On the Discursive Limits of Appropriation: Jean-Michel Basquiat, Postmodernism, and Critical Interventions in Art History

By: Mario Martinez

Faculty Mentor: Dr. Suzie Kim

Since his untimely death at the age of 27 years old, Jean-Michel Basquiat’s oeuvre has been the subject of countless exhibitions and art historical scholarship. A vast majority of this output has revolved around the artist’s identity as a young Black man in New York City and the 1980s art world. Recent scholarship has begun to explore the relationship between his identity and his art-making practice, especially how his lived experiences shaped his understanding of social justice issues. Overt themes of police brutality, as seen in Defacement (The Death of Michael Stewart) (1983), have been interpreted in light of the Black Lives Matter movement. However, Basquiat’s more subversive attempts at re-appropriating and re-contextualizing Black history through appropriative gestures remain largely unrecognized.

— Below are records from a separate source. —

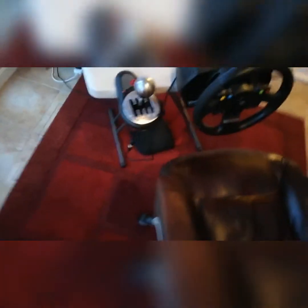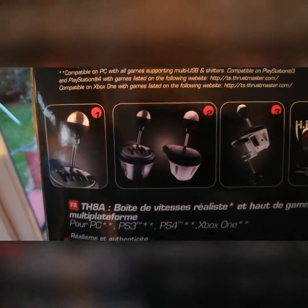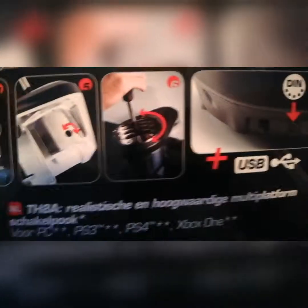Obviously I've still got my TMX wheel — perfectly fine. But you may notice something new next to it: a TH8A shifter. I may have mentioned it in the last Albemond series, but that's the new one. And then I've got my sequential plate in there. That's what it looks like with the sequential plate on it, and that's the H gate pattern on the right.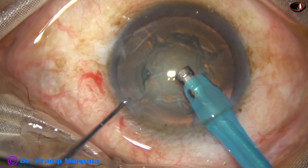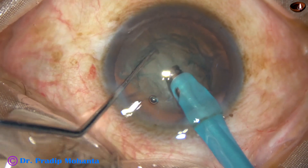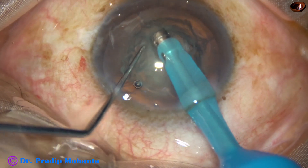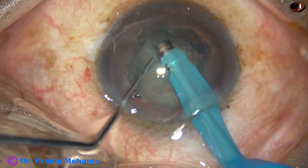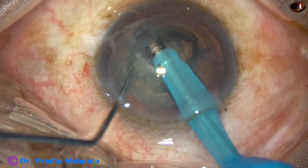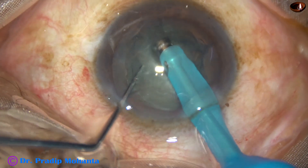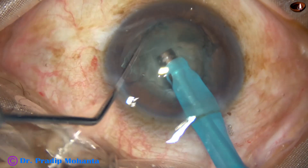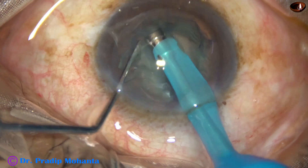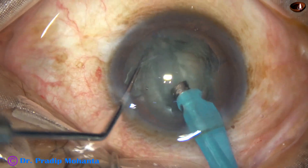Only one trench will be made. Through the center, from 11 o'clock to 5 o'clock. You must not touch the rhexis margin, and only the central part will be deepened. No need to go to extreme periphery when the cataract is so soft. Turn 180 degrees and do some more sculpting on the other side, then deepen the central part.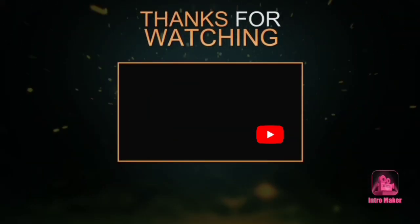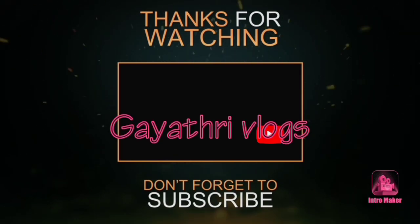Thank you so much for watching — please like and share, and leave your comments below.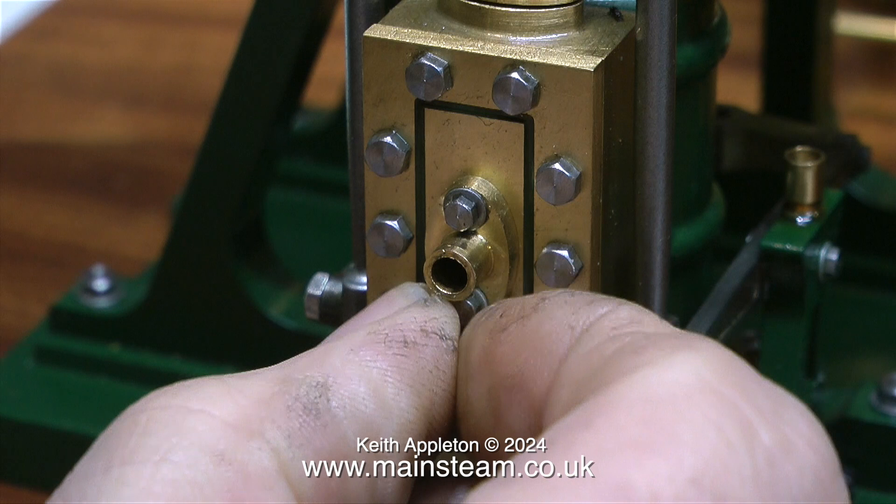Recently I have been receiving a lot of emails asking about piping of steam plants. This episode is all about piping. Piping needs to blend in with the character of the steam plant, so it's important to think through the pipe runs before you start. This steam plant is a really good example to use to outline the piping situation.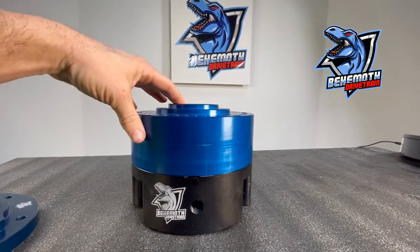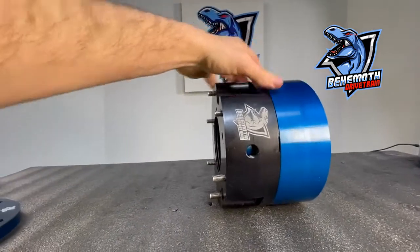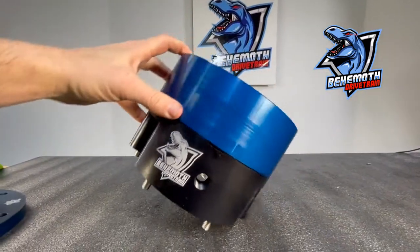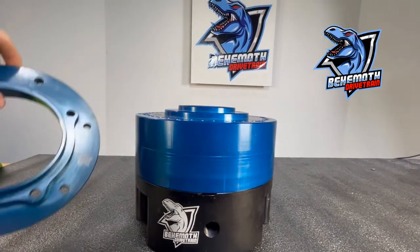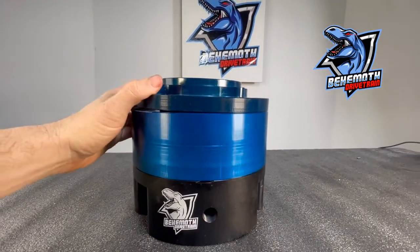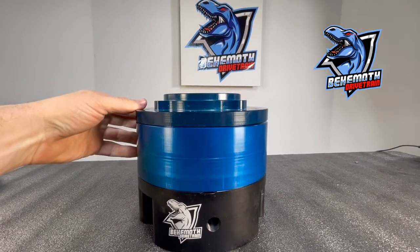Hey everybody, I'm in the studio with one of our NP205 Shorty Strongboxes. We get a lot of questions from customers wanting to bolt their Strongbox to a TH350 transmission, and that's actually super easy to do when you add in our TH350 adapter. It's as simple as applying the adapter to the front of your Strongbox, bolting it to the rear of your transmission, and you're good to go.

His use of semiotics, particularly the trademark and copyright symbols, reclaims the history, language, and imagery associated with the Black body and inverts the discourses embodied in them. This paper postulates that Basquiat’s use of appropriative gestures to invert a given discourse is definitive of a reparative aesthetic. Basquiat is a predominant influence on the work of contemporary Black artists, such as Kara Walker and Kehinde Wiley, who continue to intervene in the art historical canon. The innate subversiveness of reparative aesthetics is the result of the unique locus in which Black artists (and other marginalized groups) find themselves, within a visual lexicon overflowing with an abundance of images that represent the Black body to the effect of upholding the synthetic notion of ‘otherness’ and other hegemonic ideologies.